Ci sono voluti dunque tre decenni anche per smantellare la sua catena di protezione e di finanziamento. Si è cercato, a fatica, di demolire il mito di un padrino che gestiva un potere infinito. Si è saputo che, in questi trent’anni ha avuto due figli: Lorenza Alagna, da poco Lorenza Messina Denaro, e Francesco. Intorno a questo ultimo aleggia un alone di mistero. E’ nato tra il 2004 e il 2005 fra Castelvetrano e Partanna, dove Matteo Messina Denaro ha costruito il suo potere economico e criminale.

Attento a gestire la sua latitanza, e a proteggerla con una schiera di fiancheggiatori, uno dei boss più ricercati del mondo ha lasciato di sè solo l’immagine del playboy con i Ray Ban e gli abiti firmati abbinati ai Rolex d’oro. Era fissato coi videogiochi, il boss di mafia, e appassionato consumatore di fumetti. Diabolik era il suo preferito e proprio da questo ha preso uno dei suoi soprannomi. Un altro glielo hanno affibbiato i suoi biografi U siccu, ovvero testa dell’acqua, cioè fonte inesauribile di un fiume sotterraneo.

Anche nei soprannomi per Matteo Messina Denaro emergeva il doppio volto di un capo capace di coniugare la tradizione della mafia, con la modernità. Il padrino di Castelvetrano si è sempre mosso tra ferocia criminale e pragmatismo politico. Per questo è stato considerato l’erede di Bernardo Provenzano ma soprattutto del padre, don Ciccio, morto da latitante nel 1998.

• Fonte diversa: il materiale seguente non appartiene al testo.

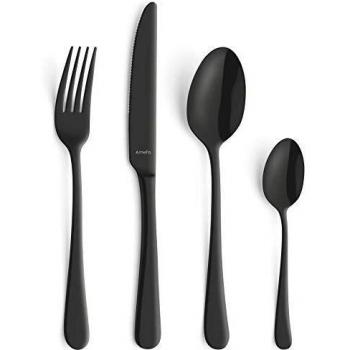Amefa Juego de cubiertos Austin 24 piezas para 6 personas Negro mate con revestimiento de acero negro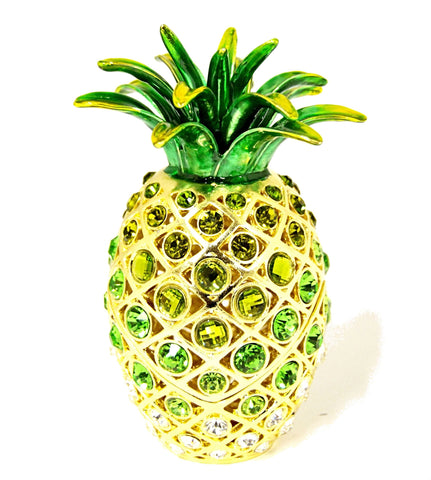 Large Pineapple Trinket Box with Hand Set Austrian Crystals
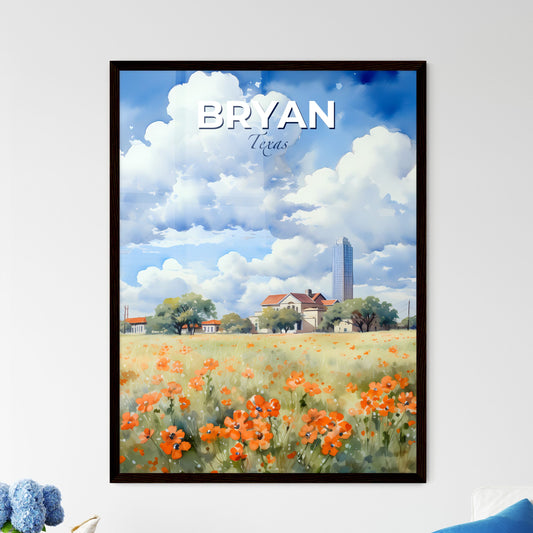 Bryan, Texas, A Poster of a field of flowers with buildings in the background Default Title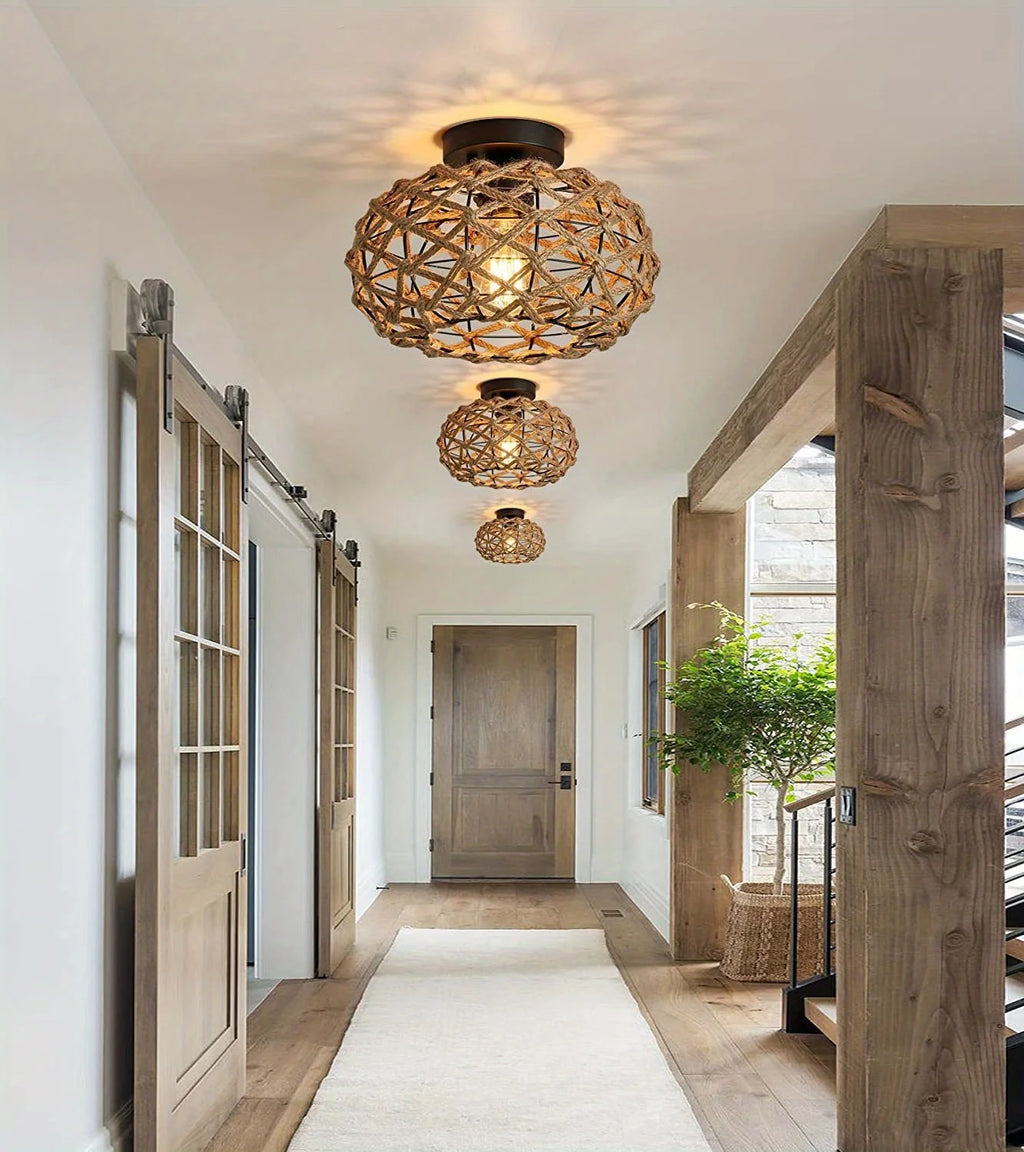 Retro Woven Rope Ceiling Light - Seliora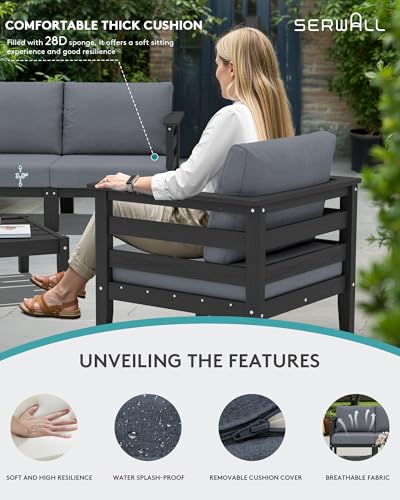 SERWALL HDPE Patio Furniture Set, 6 Pieces Outdoor Sectional Sofa Set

Nei più gravi fatti criminali degli ultimi trent’anni, a cominciare dalle stragi del ’92 in cui furono uccisi Giovanni Falcone e Paolo Borsellino, è stata riconosciuta anche la sua responsabilità. Lui stesso si vantava di avere “ucciso tante persone da riempire un cimitero“. Ciò che è certo e che Messina Denaro ha traghettato Cosa Nostra nel terzo millennio.

Per molti, oggi, ha fatto la stessa fine dei vecchi padrini, data la cattura. Ma la verità è diversa. E’ stato ucciso da un tumore, come tanti altri. Ha sofferto, come tanti altri. E’ morto circondato dall’affetto dei suoi cari, figliol prodiga e sorella in primis. Ma non ha pagato e non pagherà mai per i suoi crimini. Alle udienze svoltesi fino ad ora non si è mai presentato. E mai lo farà. Non siamo ipocriti, dunque. E’ morto, ma augurargli la pace dell’anima o crucciarci per il sofferenze che ha passato negli ultimi giorni sarebbe troppo. Lo dobbiamo al piccolo Giuseppe, ma anche a Giovanni, Francesca, Paolo, Vito, Rocco, Antonio, Agostino, Emanuela, Vincenzo, Walter, Clausio e chissà quanti ancora.